The group’s only album, 1977’s L.A.M.F., was plagued by poor production and improper mixing — but that couldn’t stop it from becoming an essential part of punk’s initial foundation. The only thing that could stop The Heartbreakers were themselves, specifically the addictions that plagued the band at every turn. Disappointed by the album’s failure and wishing to strike out on his own, Thunders began a solo career.
His first solo LP, 1978’s So Alone, featured a collection of some of the best musicians based in the UK at the time, including Phil Lynott, Steve Lillywhite, Chrissie Hynde, Steve Marriot, Paul Cook, and Steve Jones. The album included what would become Thunders’ most endearing song, ‘You Can’t Put Your Arm Around a Memory’, which would continue to be covered by the likes of punk leaders like Joey Ramone, Duff McKagen, and Billy Joe Armstrong.
Thunders’ other essential contribution to punk came from his biggest vice. His heroin addiction had caused Thunders to become simpatico with Ramones bassist Dee Dee Ramone, and while meditating on one of their scores, Dee Dee penned an ode to their derelict lifestyles with original Heartbreakers and Television bassist Richard Hell entitled ‘Chinese Rocks’. The song would be an endearing part of punk’s first wave, with both The Heartbreakers and the Ramones recording notable versions of the track.

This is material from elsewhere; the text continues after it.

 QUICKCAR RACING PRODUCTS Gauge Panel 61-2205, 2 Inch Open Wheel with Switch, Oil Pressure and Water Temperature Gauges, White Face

Throughout the 1980s, Thunders continued to release albums in between his attempts to stay clean. By the early 1990s, Thunders was more of a ghost than a living musician, and when he died in 1991, the cause was speculated to be anything from a drug overdose to leukaemia to murder. The only thing that was known was that Thunders was dead, and with him went one of the first true-blue punk rockers.